* **What this task involves**: Once you reach the line containing "945 Kenway Avenue, Roswell, GA 30076" in the entries below, write out that line and each one after it down to the line containing "Hyundai Tucson - фото 2", exactly and with nothing added.

* **The records**:
^^^^^^^^^^^^^^^^

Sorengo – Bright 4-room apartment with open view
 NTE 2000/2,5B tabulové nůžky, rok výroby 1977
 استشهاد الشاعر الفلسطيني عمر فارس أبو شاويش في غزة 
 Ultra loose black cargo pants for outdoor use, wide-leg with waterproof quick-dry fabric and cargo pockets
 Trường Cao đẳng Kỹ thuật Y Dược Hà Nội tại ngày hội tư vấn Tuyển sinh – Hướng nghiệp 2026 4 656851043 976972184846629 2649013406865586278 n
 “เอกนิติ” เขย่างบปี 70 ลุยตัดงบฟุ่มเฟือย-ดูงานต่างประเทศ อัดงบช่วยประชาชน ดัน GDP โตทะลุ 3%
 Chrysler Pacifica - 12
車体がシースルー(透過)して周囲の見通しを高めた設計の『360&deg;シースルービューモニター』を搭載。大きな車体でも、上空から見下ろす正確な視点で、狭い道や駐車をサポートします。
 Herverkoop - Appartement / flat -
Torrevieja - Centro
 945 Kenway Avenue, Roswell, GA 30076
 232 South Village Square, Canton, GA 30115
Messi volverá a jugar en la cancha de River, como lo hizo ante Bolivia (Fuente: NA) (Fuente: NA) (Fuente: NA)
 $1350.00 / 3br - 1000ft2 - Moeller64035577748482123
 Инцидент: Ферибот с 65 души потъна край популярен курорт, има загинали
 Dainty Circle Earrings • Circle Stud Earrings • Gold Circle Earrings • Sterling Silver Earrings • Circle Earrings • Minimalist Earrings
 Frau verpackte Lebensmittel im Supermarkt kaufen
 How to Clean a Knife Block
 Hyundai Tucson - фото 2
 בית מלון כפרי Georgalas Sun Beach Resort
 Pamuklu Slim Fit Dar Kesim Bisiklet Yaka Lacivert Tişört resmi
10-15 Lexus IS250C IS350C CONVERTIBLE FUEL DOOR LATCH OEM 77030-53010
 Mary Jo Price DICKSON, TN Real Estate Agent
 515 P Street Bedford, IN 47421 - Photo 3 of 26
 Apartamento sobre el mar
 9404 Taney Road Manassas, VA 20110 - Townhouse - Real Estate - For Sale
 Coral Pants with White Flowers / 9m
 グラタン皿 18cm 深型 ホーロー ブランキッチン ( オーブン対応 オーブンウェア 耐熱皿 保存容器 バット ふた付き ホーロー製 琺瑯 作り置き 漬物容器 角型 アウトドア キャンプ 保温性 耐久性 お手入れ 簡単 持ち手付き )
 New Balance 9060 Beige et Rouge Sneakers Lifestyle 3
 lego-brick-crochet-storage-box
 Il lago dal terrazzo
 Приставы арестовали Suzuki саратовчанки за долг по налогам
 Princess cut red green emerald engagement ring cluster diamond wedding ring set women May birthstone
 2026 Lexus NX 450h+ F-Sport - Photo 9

^^^^^^^^^^^^^^^^

* **Written response**:
 945 Kenway Avenue, Roswell, GA 30076
 232 South Village Square, Canton, GA 30115
Messi volverá a jugar en la cancha de River, como lo hizo ante Bolivia (Fuente: NA) (Fuente: NA) (Fuente: NA)
 $1350.00 / 3br - 1000ft2 - Moeller64035577748482123
 Инцидент: Ферибот с 65 души потъна край популярен курорт, има загинали
 Dainty Circle Earrings • Circle Stud Earrings • Gold Circle Earrings • Sterling Silver Earrings • Circle Earrings • Minimalist Earrings
 Frau verpackte Lebensmittel im Supermarkt kaufen
 How to Clean a Knife Block
 Hyundai Tucson - фото 2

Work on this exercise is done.